### [What you are asked to do]
If pictures appear in the lines below, skip them and copy exactly the lines from the one containing "Dark brown graphic" through the one containing "AO22962 Wisconsin License Plate", and nothing else.

### [Data excerpts]
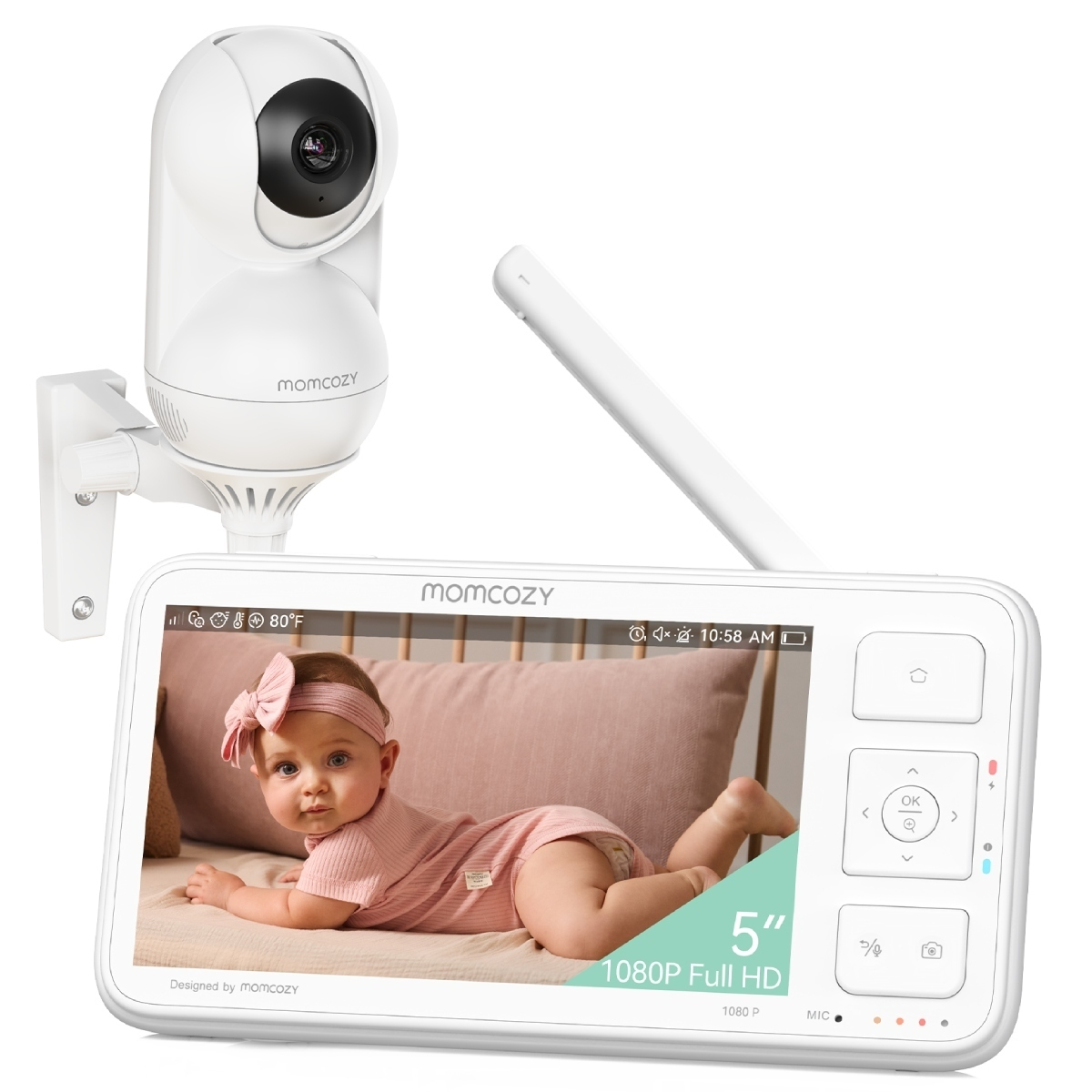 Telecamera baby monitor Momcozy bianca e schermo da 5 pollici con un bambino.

...

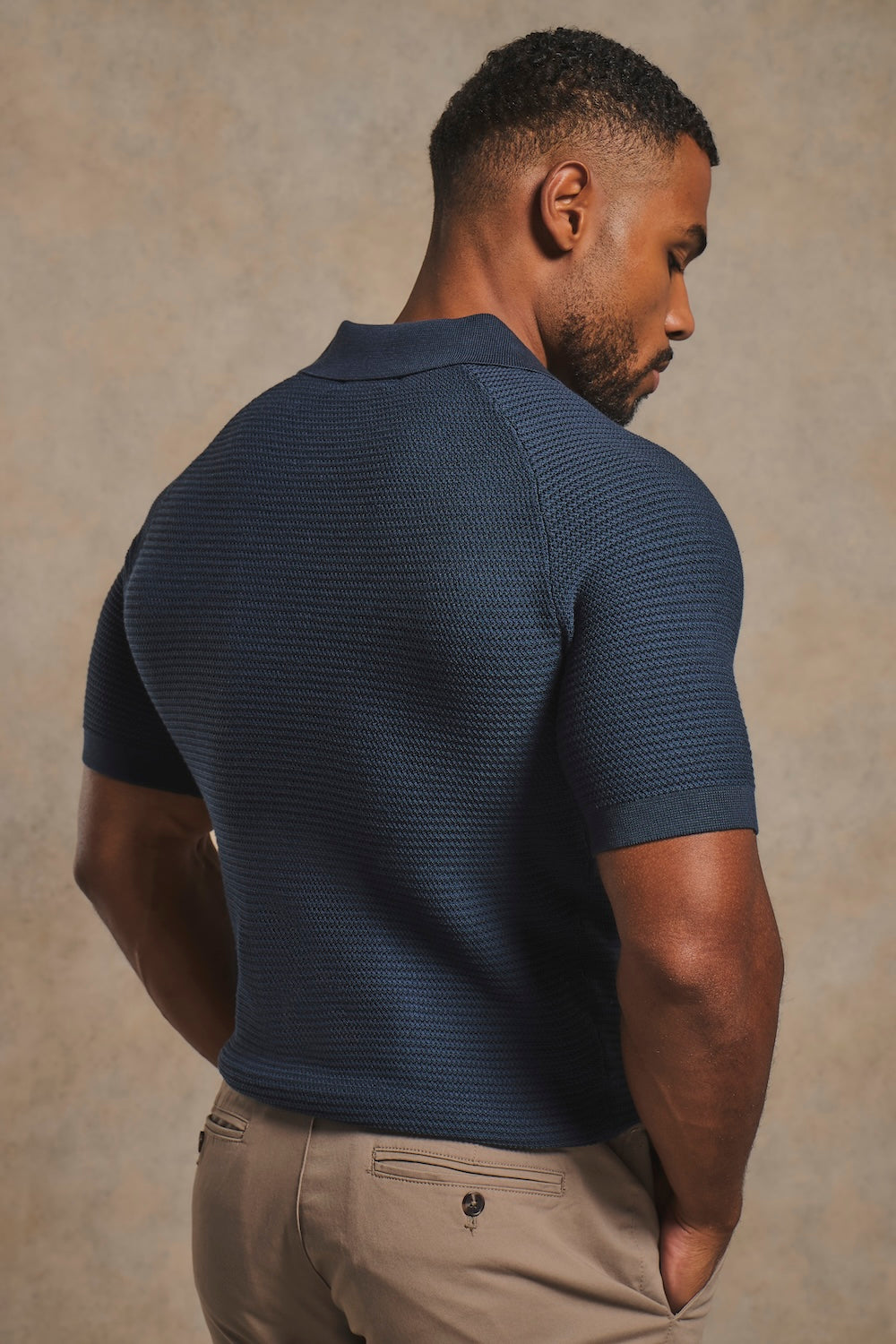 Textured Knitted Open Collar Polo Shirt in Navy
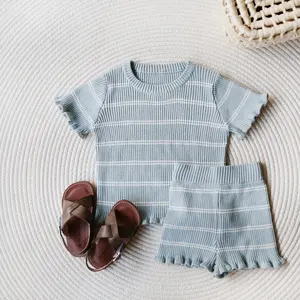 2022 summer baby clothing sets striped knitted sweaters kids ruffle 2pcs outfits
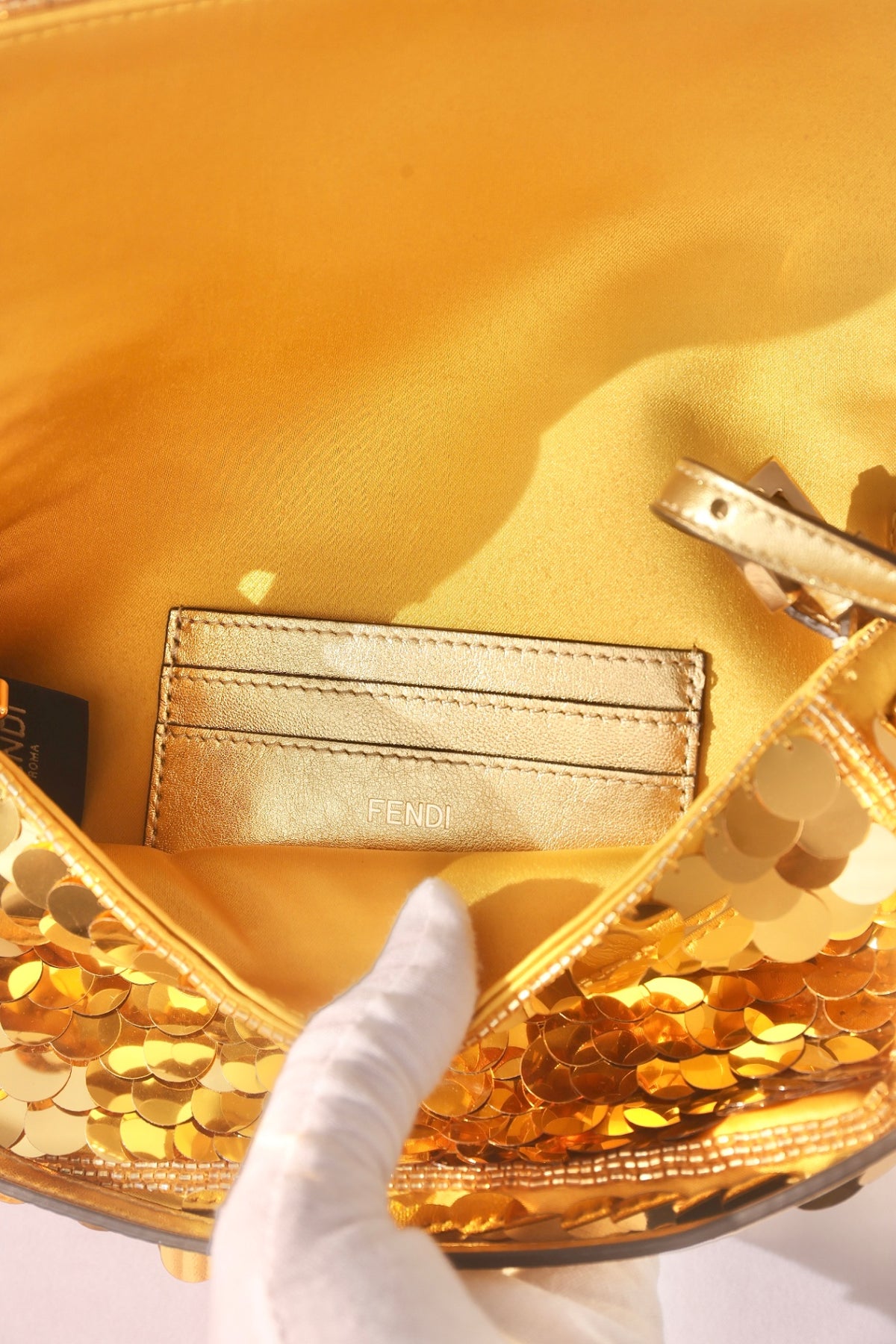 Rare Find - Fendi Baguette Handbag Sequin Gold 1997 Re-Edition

* * *

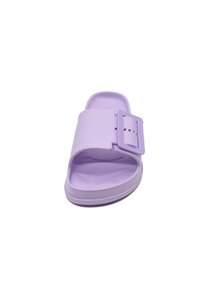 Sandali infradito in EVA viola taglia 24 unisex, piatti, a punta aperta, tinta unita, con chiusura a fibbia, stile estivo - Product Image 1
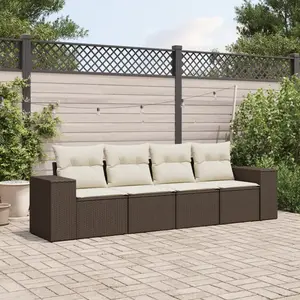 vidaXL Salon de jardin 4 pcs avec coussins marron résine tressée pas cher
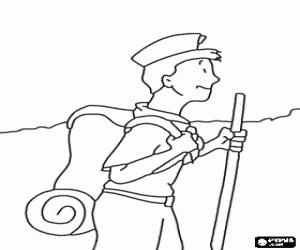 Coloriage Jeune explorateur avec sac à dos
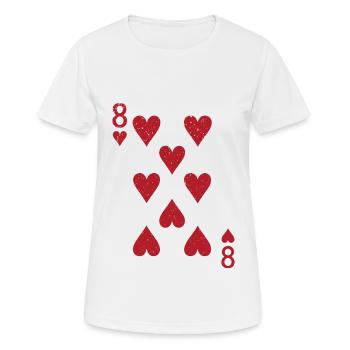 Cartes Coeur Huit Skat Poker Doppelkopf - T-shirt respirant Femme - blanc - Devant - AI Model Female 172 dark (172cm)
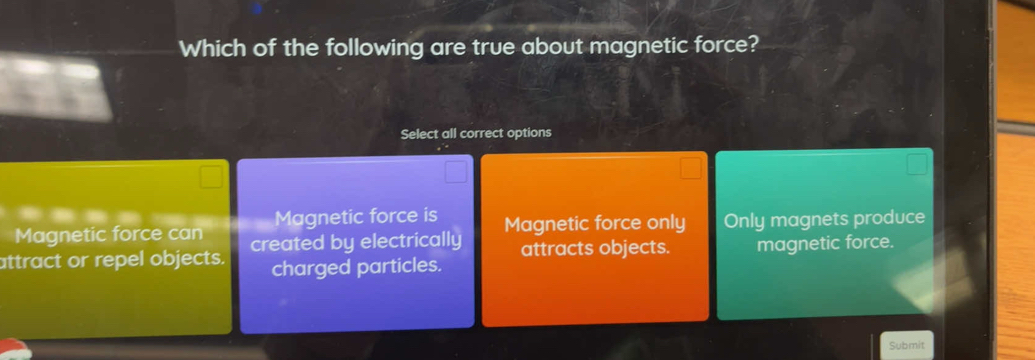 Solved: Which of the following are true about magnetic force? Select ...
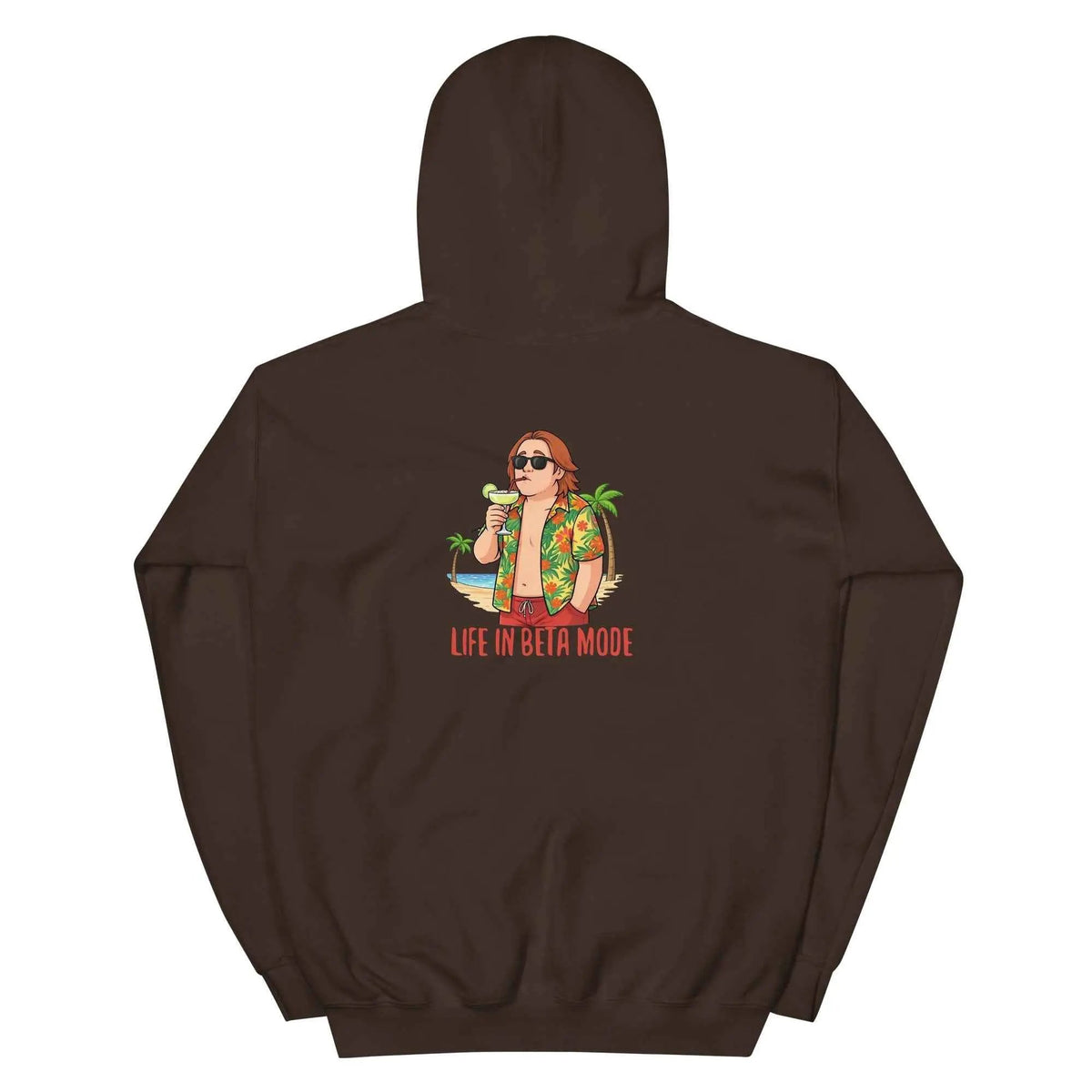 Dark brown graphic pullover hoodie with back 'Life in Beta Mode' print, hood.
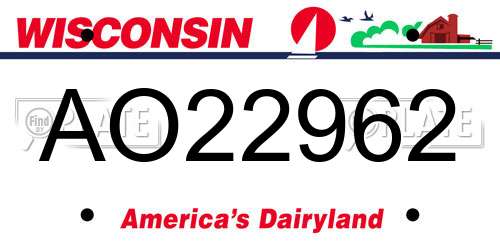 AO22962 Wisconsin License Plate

### [Task output]
 Dark brown graphic pullover hoodie with back 'Life in Beta Mode' print, hood.
 AO22962 Wisconsin License Plate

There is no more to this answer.